ABOUT THIS TASK: Print the line containing "Thumbnail for Boeing" and all lines after it, unchanged, through the end of the data. Leave the pictures out.

[INFORMATION PROVIDED — start]

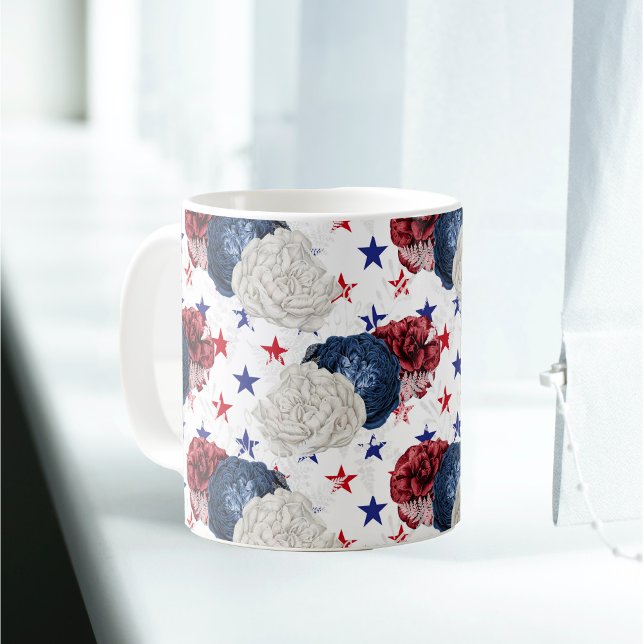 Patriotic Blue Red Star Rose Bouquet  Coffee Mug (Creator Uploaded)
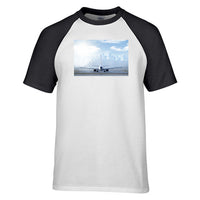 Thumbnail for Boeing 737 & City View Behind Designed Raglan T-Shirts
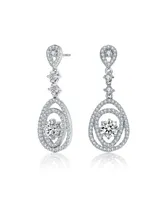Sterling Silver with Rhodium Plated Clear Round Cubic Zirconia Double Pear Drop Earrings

[INFORMATION PROVIDED — finish]

REPLY:
 Thumbnail for Boeing 737 & City View Behind Designed Raglan T-Shirts
Sterling Silver with Rhodium Plated Clear Round Cubic Zirconia Double Pear Drop Earrings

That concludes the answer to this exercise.